Ève Risser au piano préparé et Joris Rühl à la clarinette interprètent la musique du compositeur Karl Naegelen sur l’album Fenêtre ovale paru sur le label suédois Umlaut. Il s’agit plutôt de la collaboration entre un compositeur et deux improvisateurs partageant leurs recherches. L’écriture originale préserve la spontanéité du duo habitué à se fréquenter pour créer à trois une œuvre vivante qui ne ressemble à aucune autre. Comme John Cage utilise gommes et vis ou Benoît Delbecq des bouts de bois joliment taillés coincés dans les cordes, les préparations du piano de Risser intègrent toute une panoplie d’objets incongrus offrant une variété de timbres inouïs et surtout des modes de jeu uniques : des aimants, un vibromasseur, une brosse, du velours, une perle accrochée à une ficelle, du fil de cuivre et bien d’autres outils. Bien que le livret n’annonce pas la flûte de Risser ou l’orgue à bouche de Rühl, le duo offre un matériau exceptionnel à Naegelen, préoccupé de trouver une notation qui servira ensuite aux instrumentistes. La musique possède la beauté et la sérénité des Sonates et Interludes de Cage ou des pièces pour shakuhachi japonaises en renouvelant le genre. Délicate et profonde, riche et sobre à la fois, elle réussit à faire oublier le geste instrumental, pourtant radicalement présent, pour ne faire ressortir que le temps musical avec ses pleins et ses déliés, ses couleurs et ses silences.

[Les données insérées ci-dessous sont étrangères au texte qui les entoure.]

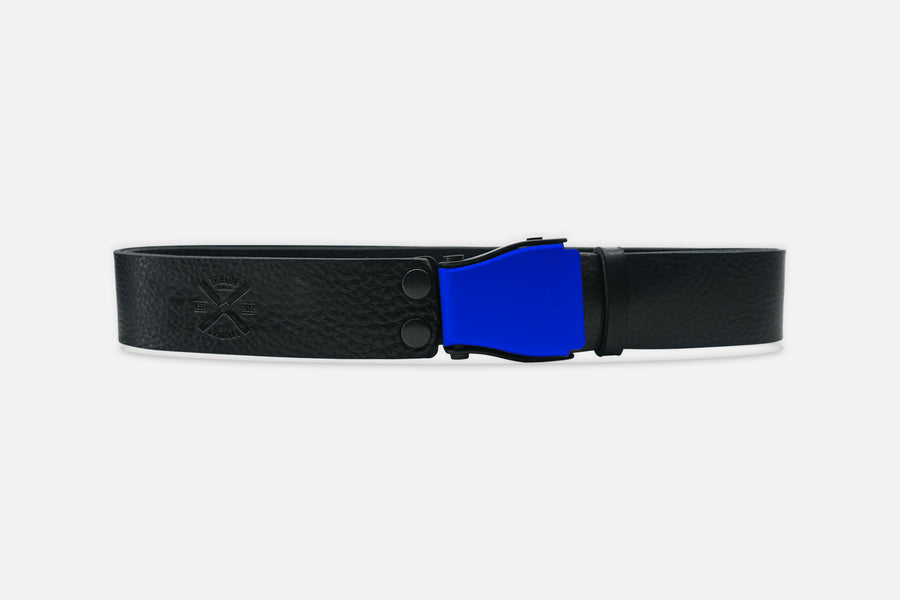 GÜRTEL STANDARD SCHWARZ/MIXED BLAU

RONDO by Fenêtre Ovale from eve risser on Vimeo.

De son côté Yuko Oshima produit un double CD composé de Kéfukéfu et Signs sur le label portugais Creative Sources. L’une et l’autre pièce partent de l’improvisation, la première pour se conformer à un concept compositionnel en quatre parties ininterrompues, la seconde pour constituer une suite de onze courtes pièces aux titres graphiques. Même maîtrise que sa comparse, même soin, même calme, fût-il acéré comme une lame, percutant comme un taiko ou inédit, produit par l’échantillonneur, complément de la batterie de percussions. La voix chante une berceuse, les aigus informatiques cliquettent dans l’azur, les graves renvoient au drame nucléaire des îles qui se rapprochent - autant de signes que nos oreilles sont appelées à déchiffrer sous les peaux et les cymbales dont la rigueur rappelle quelque rituel du soleil levant. La dialectique est au service de la musique quand se confrontent « délicatesse et brutalité, abstrait et concret, espace et densité, tout ce qui caractérise le Japon ».